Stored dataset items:
******
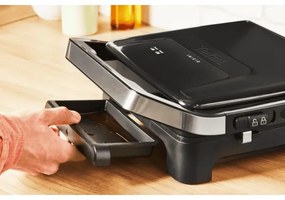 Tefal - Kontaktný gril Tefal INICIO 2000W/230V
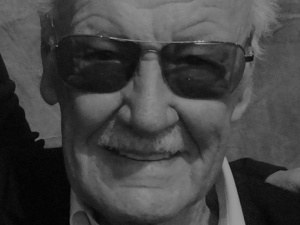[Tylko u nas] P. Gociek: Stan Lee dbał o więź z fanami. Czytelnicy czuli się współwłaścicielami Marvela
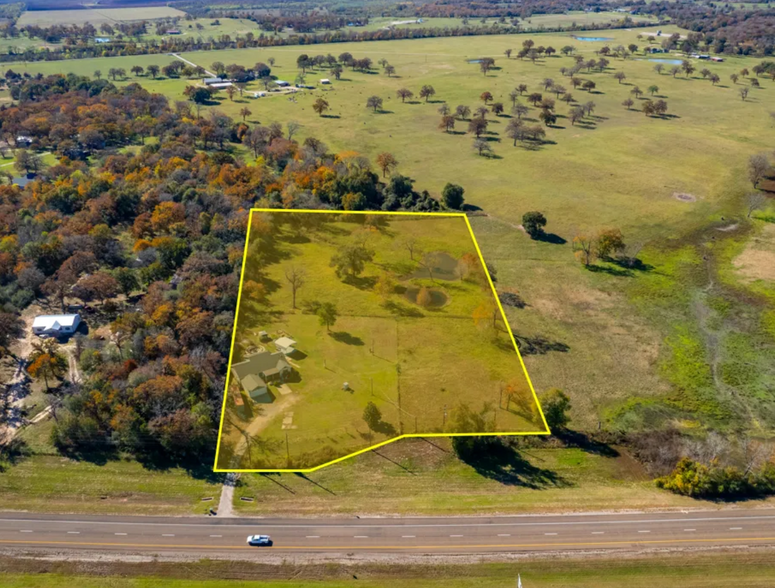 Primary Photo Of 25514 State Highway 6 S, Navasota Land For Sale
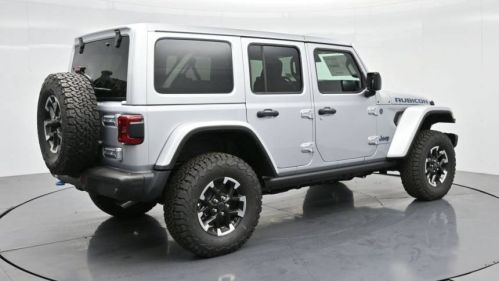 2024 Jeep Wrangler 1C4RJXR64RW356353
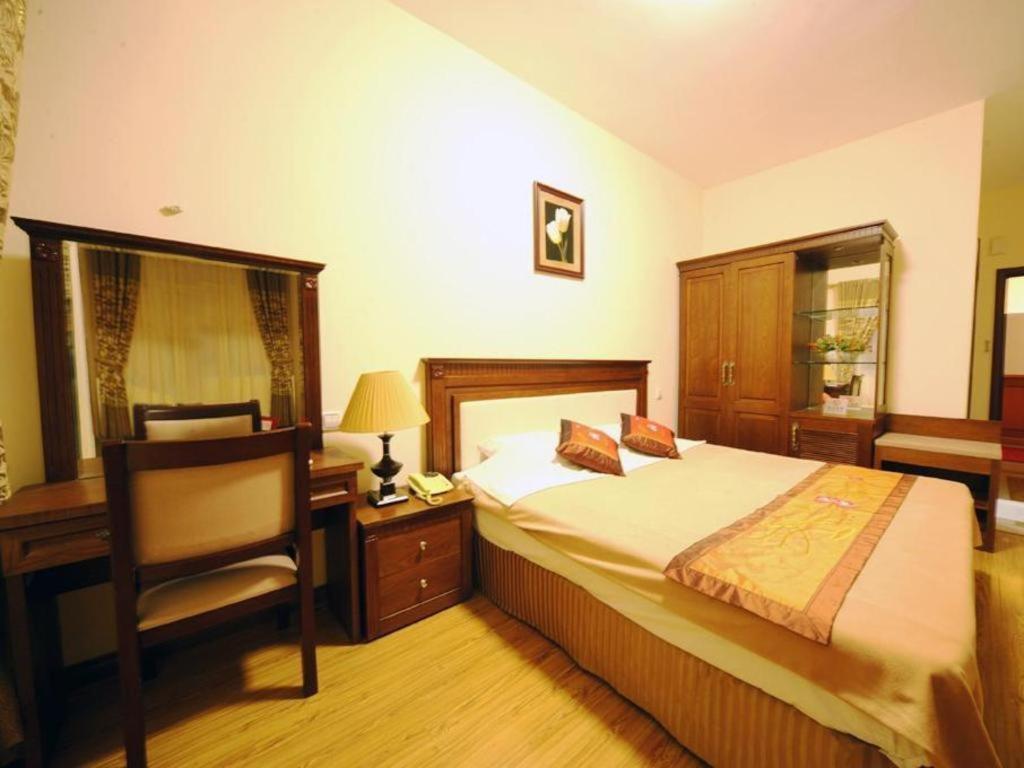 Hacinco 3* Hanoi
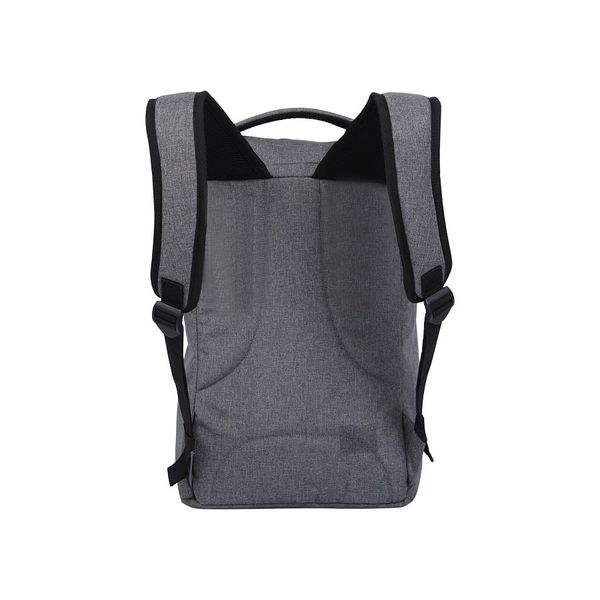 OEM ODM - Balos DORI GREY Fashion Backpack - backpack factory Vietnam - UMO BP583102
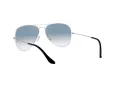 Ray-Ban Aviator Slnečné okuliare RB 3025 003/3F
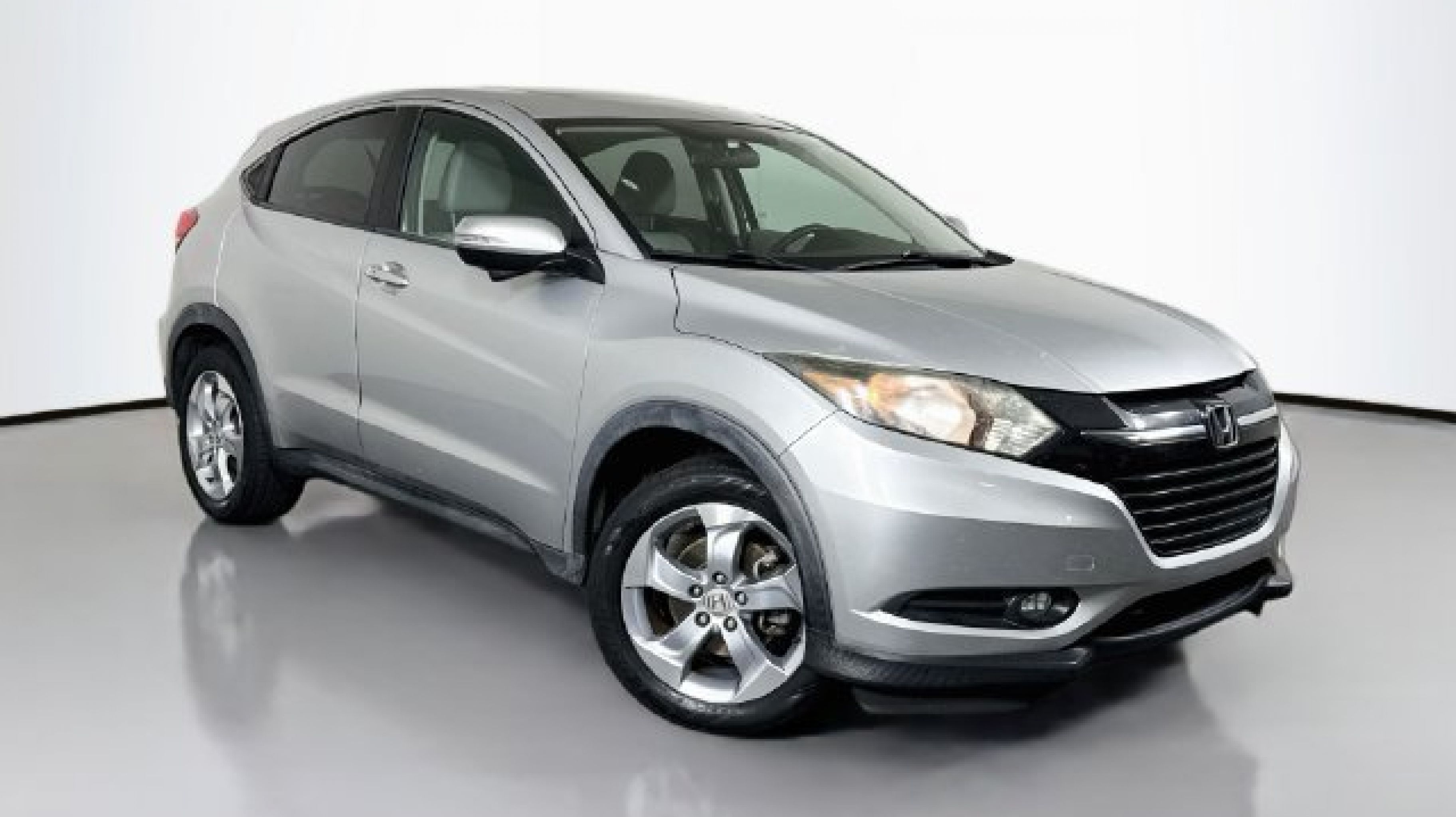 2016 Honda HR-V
******
AIM OF THE EXERCISE:
Starting at the line that contains "[Tylko u nas]", write out every line through the end of the entries, both ends included, without any pictures.

EXPECTED ANSWER:
[Tylko u nas] P. Gociek: Stan Lee dbał o więź z fanami. Czytelnicy czuli się współwłaścicielami Marvela
 Primary Photo Of 25514 State Highway 6 S, Navasota Land For Sale
 2024 Jeep Wrangler 1C4RJXR64RW356353
 Hacinco 3* Hanoi
 OEM ODM - Balos DORI GREY Fashion Backpack - backpack factory Vietnam - UMO BP583102
 Ray-Ban Aviator Slnečné okuliare RB 3025 003/3F
 2016 Honda HR-V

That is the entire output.